== PROVIDED RECORDS ==

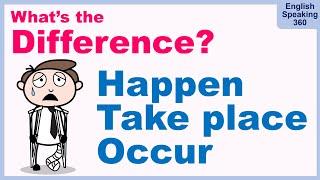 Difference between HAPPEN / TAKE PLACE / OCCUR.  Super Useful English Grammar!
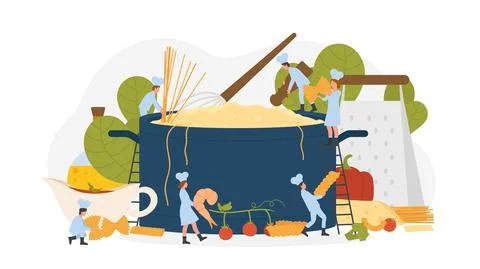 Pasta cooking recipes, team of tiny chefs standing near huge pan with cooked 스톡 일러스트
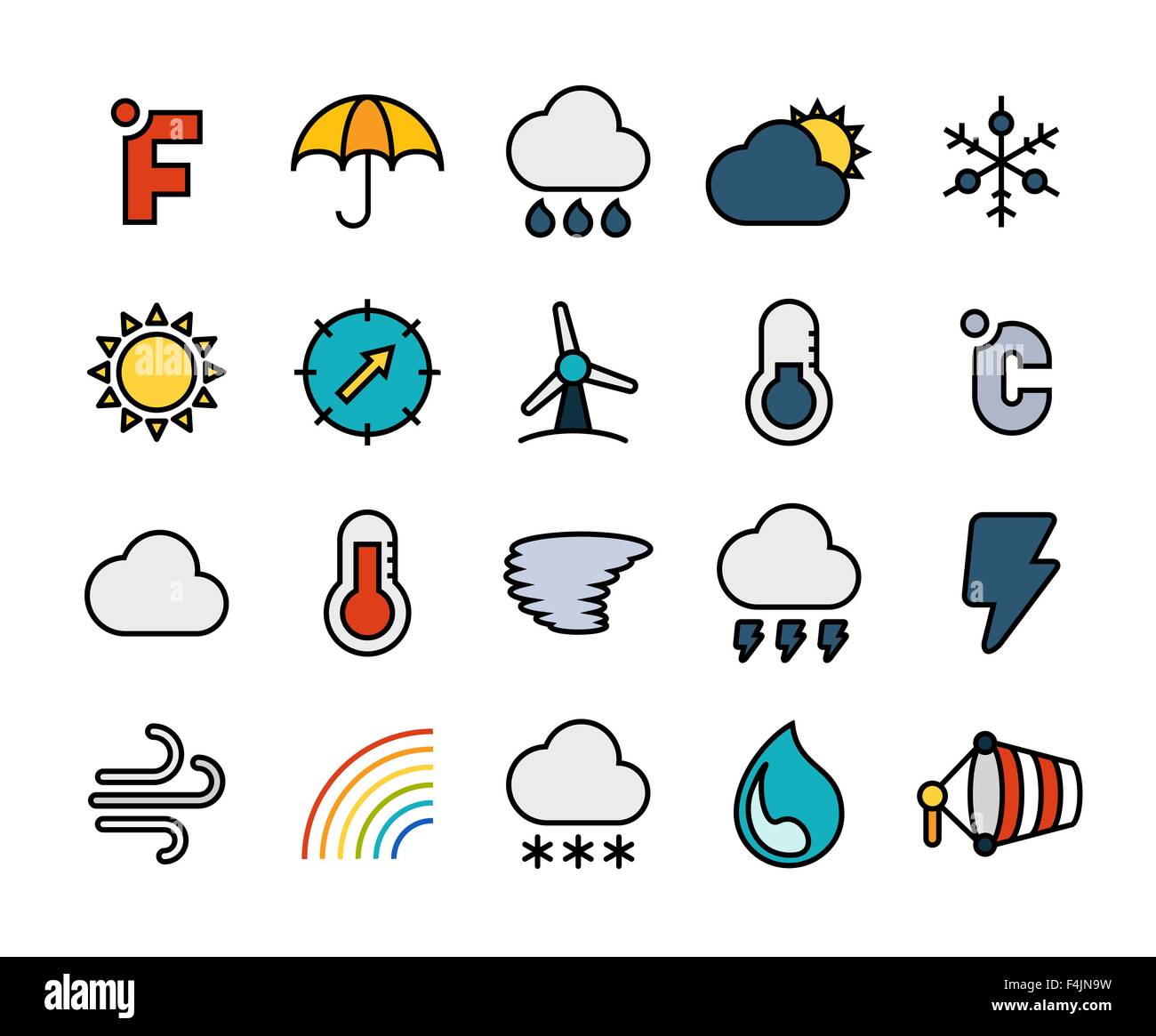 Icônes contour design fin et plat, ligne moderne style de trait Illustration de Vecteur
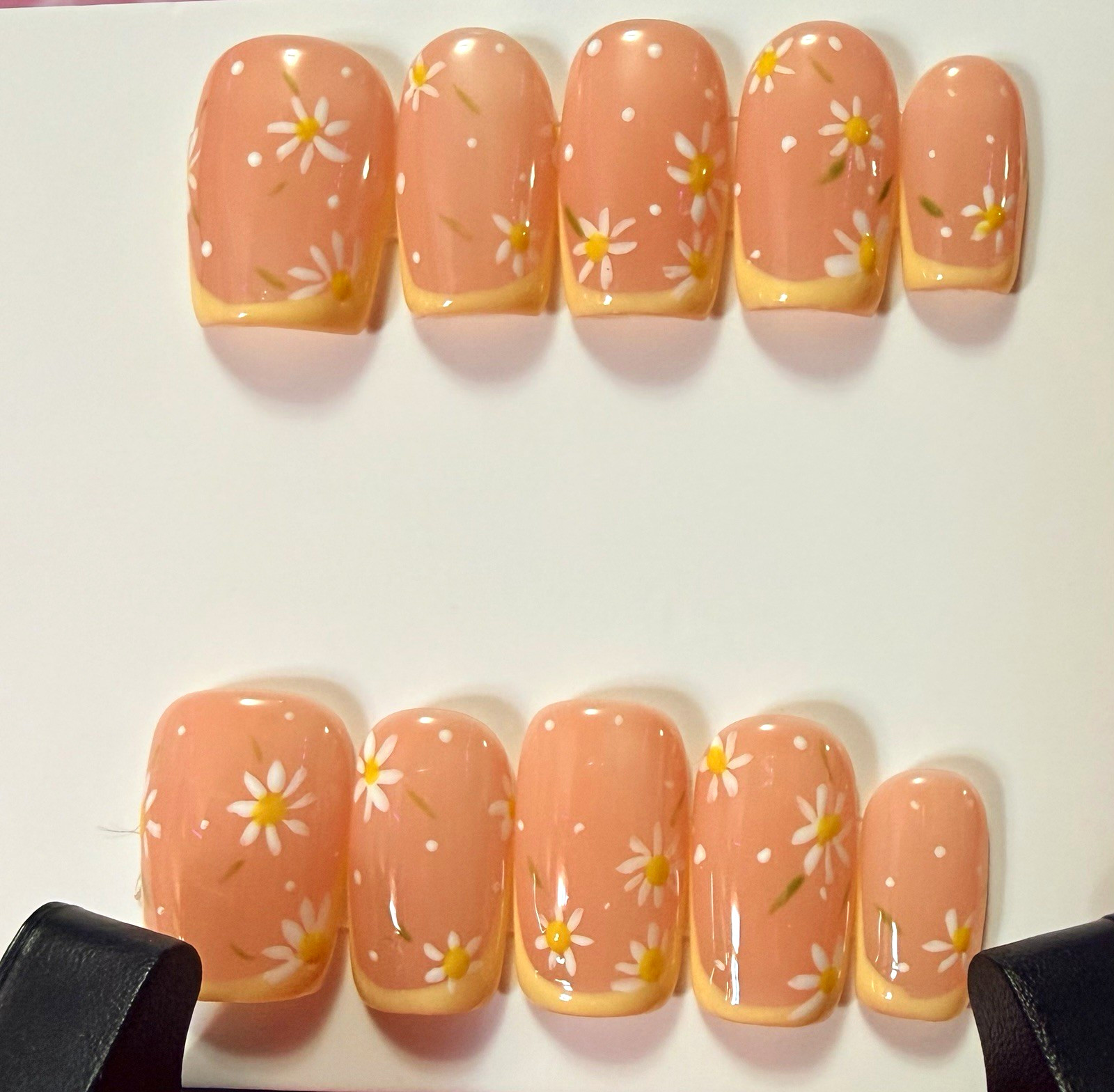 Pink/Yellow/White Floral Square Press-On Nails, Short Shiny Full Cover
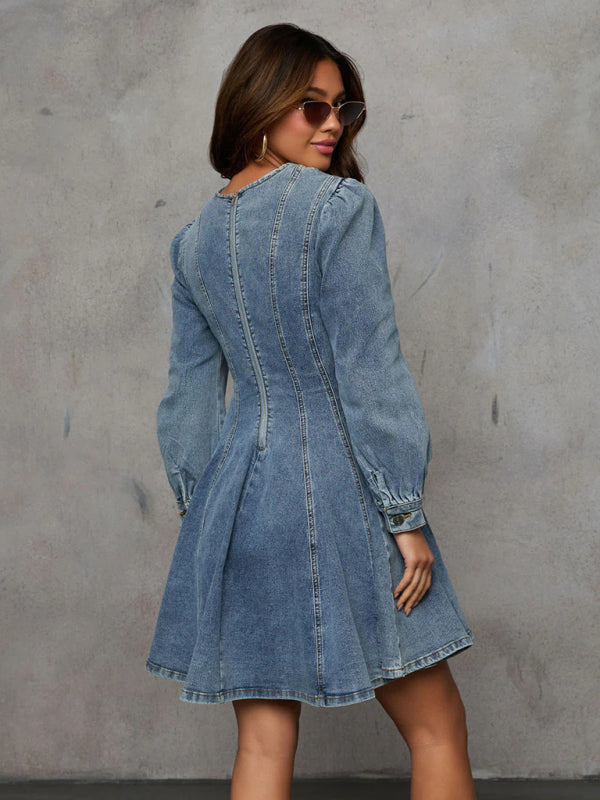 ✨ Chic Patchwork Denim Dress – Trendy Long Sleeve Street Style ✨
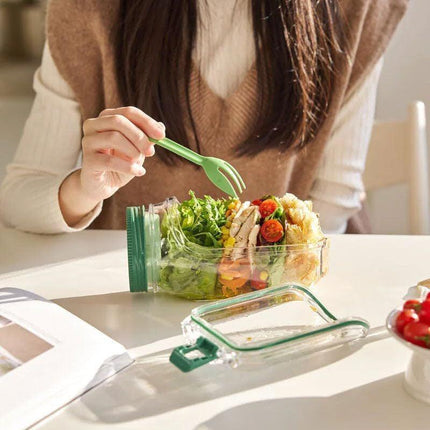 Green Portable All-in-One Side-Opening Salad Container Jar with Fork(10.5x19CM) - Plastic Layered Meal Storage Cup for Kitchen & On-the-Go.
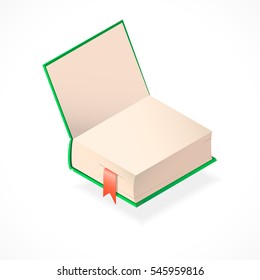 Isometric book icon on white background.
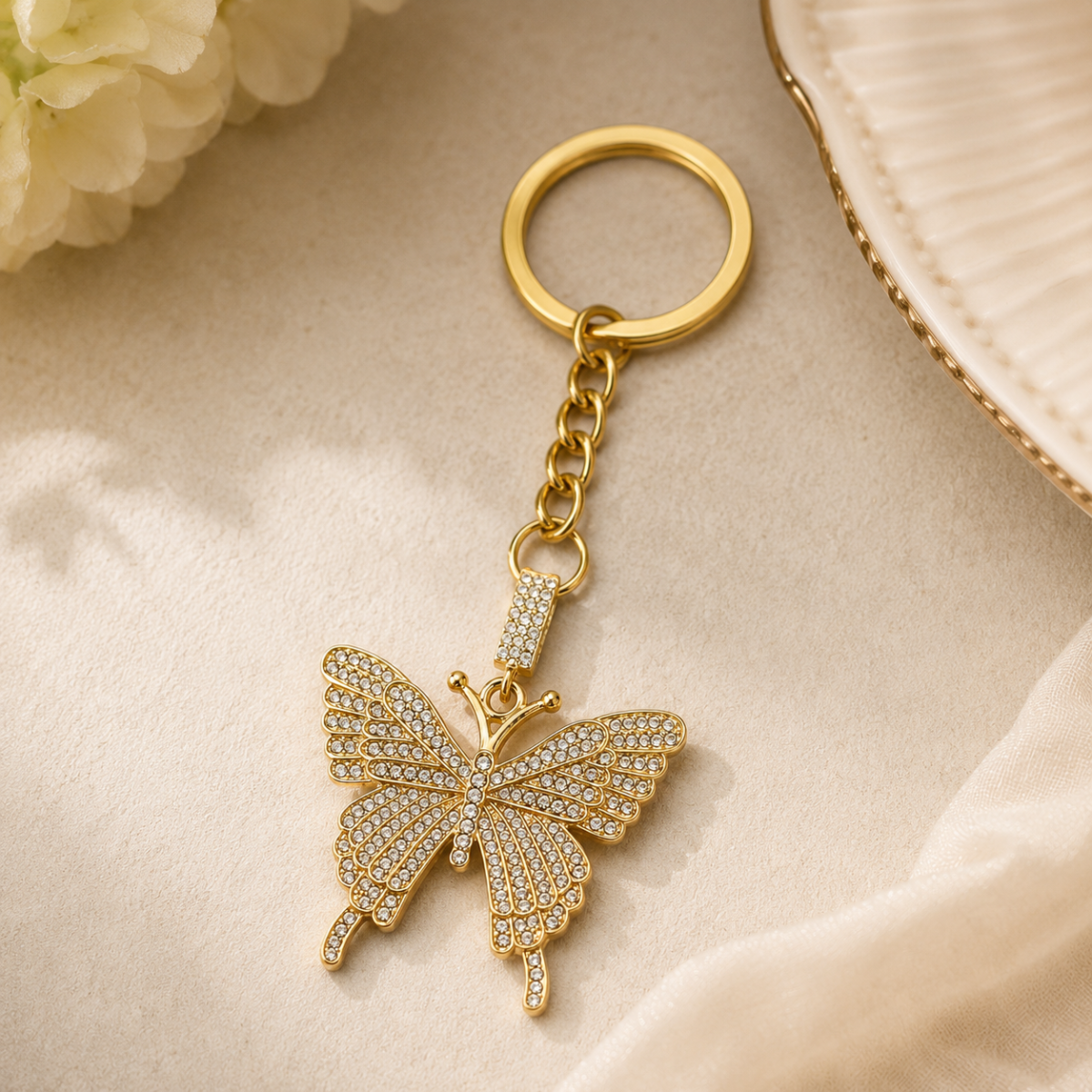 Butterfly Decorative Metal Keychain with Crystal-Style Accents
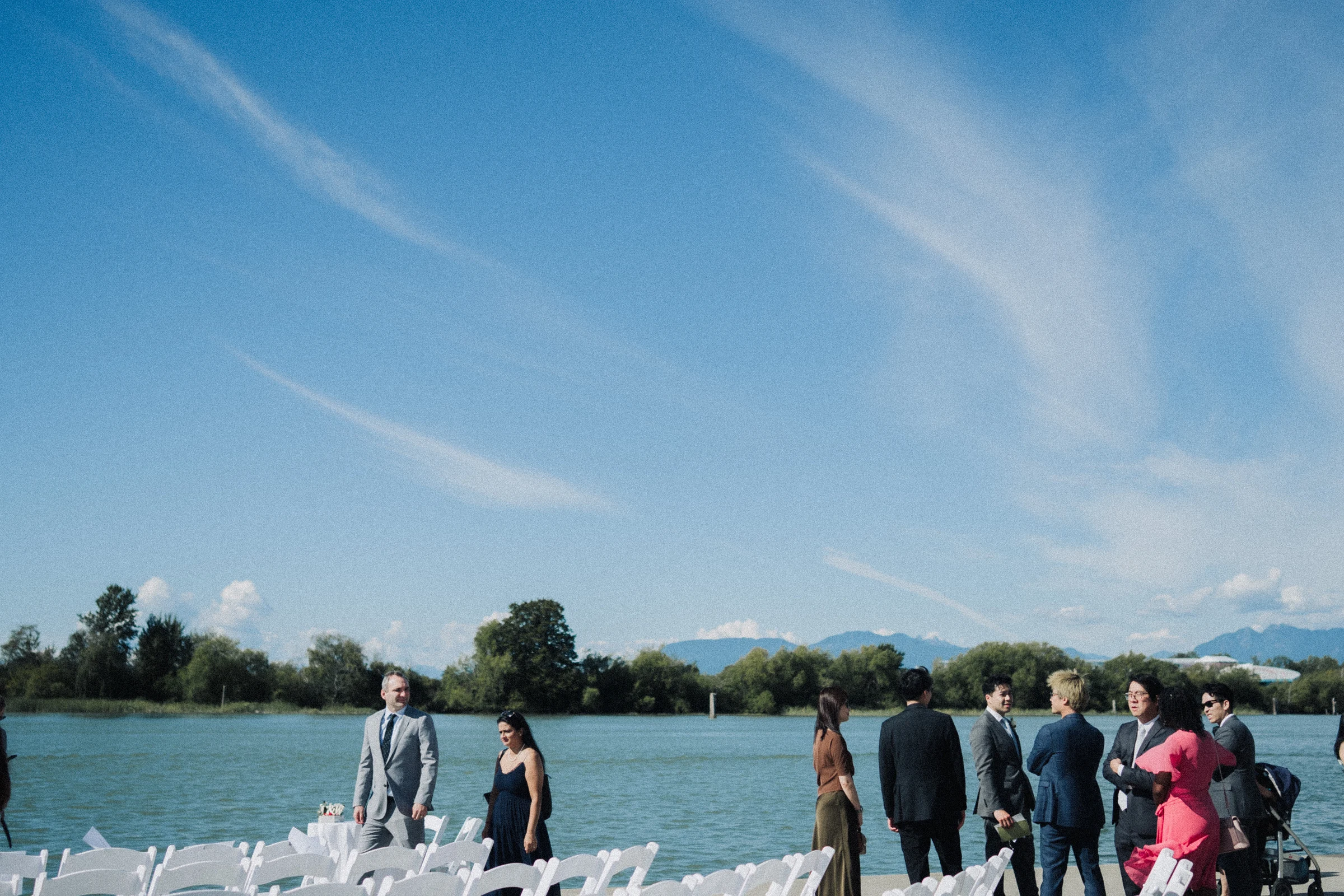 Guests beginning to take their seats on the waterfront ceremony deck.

===

PROBLEM REQUIREMENTS - Copy the entries above exactly from the line with "Pink/Yellow/White Floral Square" down to their last line, both ends included. Do not copy any pictures.

YOUR RESPONSE -
 Pink/Yellow/White Floral Square Press-On Nails, Short Shiny Full Cover
 ✨ Chic Patchwork Denim Dress – Trendy Long Sleeve Street Style ✨
 Green Portable All-in-One Side-Opening Salad Container Jar with Fork(10.5x19CM) - Plastic Layered Meal Storage Cup for Kitchen & On-the-Go.
 Isometric book icon on white background.
 Butterfly Decorative Metal Keychain with Crystal-Style Accents
 Guests beginning to take their seats on the waterfront ceremony deck.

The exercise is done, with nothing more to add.